Por aqui, o trabalho dos catadores ajuda o Brasil a superar uma marca preocupante: no país, o índice de reciclagem está entre 3 e 4% há mais de 10 anos. É uma proporção irrisória, ainda mais quando comparada à média mundial, de 19%, e até mesmo a latinoamericana, de 6%.
A preocupação aumenta ainda mais quando se pensa que, além das taxas de reciclagem serem baixar, o consumo e a produção de resíduos vem aumentando, principalmente nas grandes cidades.
Cooperativas como a Coopercaps atuam em parcerias com grandes empresas, dando a destinação adequada até mesmo a substâncias que, para a maior parte da população, não parecem passíveis de reciclagem.
É o caso das cápsulas de café, cada vez mais populares nos ambientes corporativos e que possuem uma destinação conjugando os diferentes materiais que fazem parte de sua composição.
“Essas cápsulas chegam para nós, e depois a gente faz a parte da separação de plástico e alumínio. Depois, eu levo até a máquina para fazer a separação da borra de café e a separação do plástico”, diz Fábio, um dos cooperados da Coopercaps.
“De um lado da máquina sai a borra de café, do outro sai a cápsula limpa para comércio. Já a borra de café vai para uma cooperativa de compostagem”, explica.
O trabalho de reaproveitamento dos componentes da cápsula de café é um dos exemplos da chamada logística reversa: determinado produto, após a utilização, é devolvido pelo consumidor ao fabricante.
A empresa, por sua vez, aciona a cooperativa, que fará a reciclagem e a destinação correta – podendo, inclusive, devolver o produto, agora transformado através da reciclagem, ao processo produtivo.
De acordo com a Política Nacional de Resíduos Sólidos (PNRS), a logística reversa é obrigatória para alguns segmentos da indústria.
A consciência de que a iniciativa privada deve ser incentivadora do trabalho das cooperativas e dos processos de reciclagem também é essencial. Isso porque, nos últimos anos, cresceu o movimento de compra de resíduos passíveis de reciclagem, como papel, vidro, e plástico vindos do exterior.
Uma medida vista como vantajosa para muitas empresas, que consideravam o processo de importação do lixo mais barato do que a integração com os catadores, enfraquecendo o setor.
Para tentar mudar esse cenário, o governo federal decidiu, em agosto de 2023, unificar e elevar para 18% as alíquotas do imposto de importação desses resíduos. Uma medida comemorada por especialistas.
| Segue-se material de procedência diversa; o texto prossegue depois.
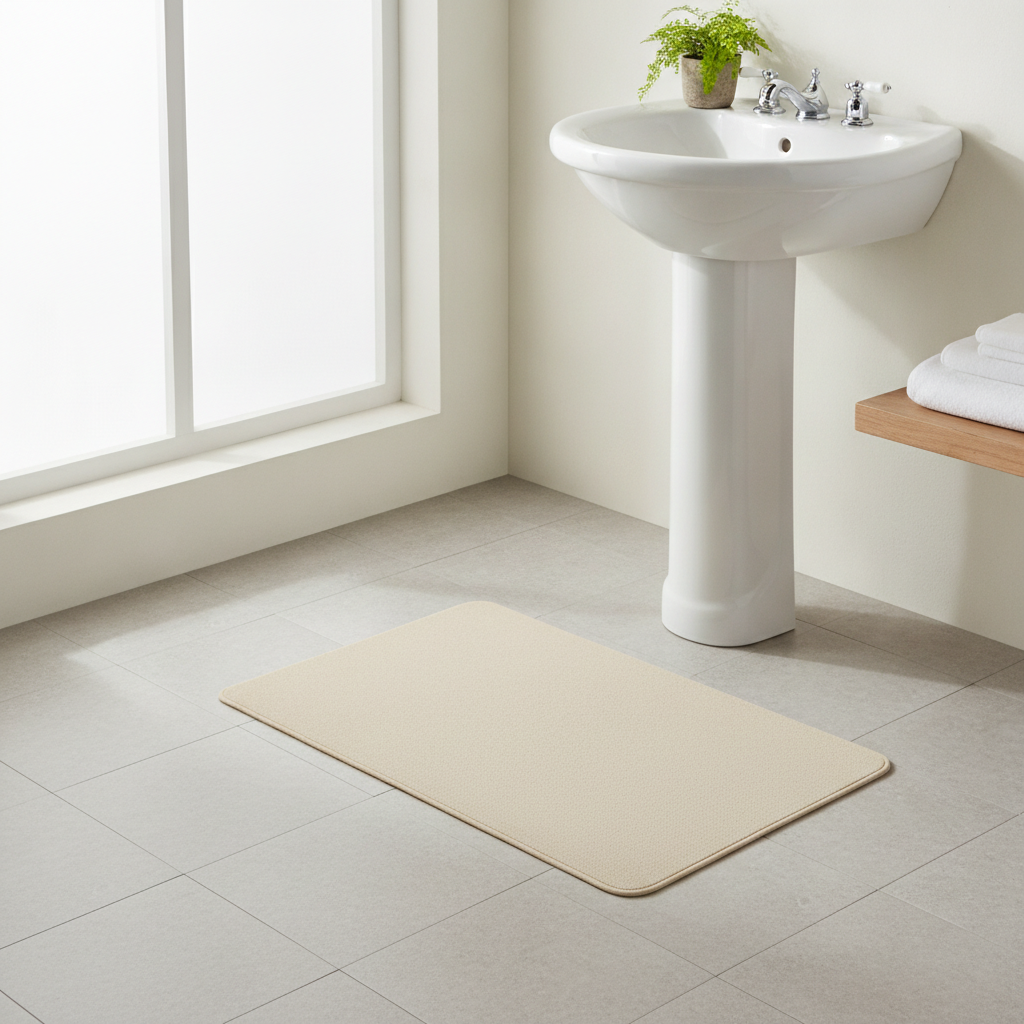 Tapis en diatomite de qualité posé dans une salle de bain claire et saine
“O que vai acontecer na prática é que não há uma verdadeira mensuração desses custos da importação. E aí eu diria que nós poderíamos falar inclusive nos custos sociais. Porque se a lei brasileira priorizou a inserção dos catadores e com a inserção dos catadores, nós teríamos uma profissionalização e um resíduo gerando cidadania e dignidade para esse setor, no momento em que eu deixo isso de lado, eu tenho um dano social um dano à sociedade do ponto de vista social. Você vai diminuindo a quantidade de reciclagem e com a importação o valor daquilo que eles separaram aqui foi sendo também afetados”, argumenta a professora Patrícia Iglecias.
Para os setores envolvidos na reciclagem no Brasil, as políticas para aumentar a reciclagem fazem parte de uma cadeia complexa, que envolve medidas integradas dos gestores públicos e um esforço conjunto por parte da sociedade.
Para esses atores, o reconhecimento e a valorização do trabalho dos catadores é uma das pontas de uma grande mudança cultural.
“Pra se falar de meio ambiente, a gente precisa falar de educação, de saúde, de mudanças climáticas. Mas a gente esquece de falar de justiça climática, porque são as pessoas da mais alta vulnerabilidade social que estão na ponta e que sofrem esse impacto imediato. E não adianta pensarmos em algo rápido. A gente precisa pensar a médio e longo prazo. E pensando em médio e longo prazo, só a educação pode mudar e transformar o país que a gente vive”, completa Telines Basílio Junior.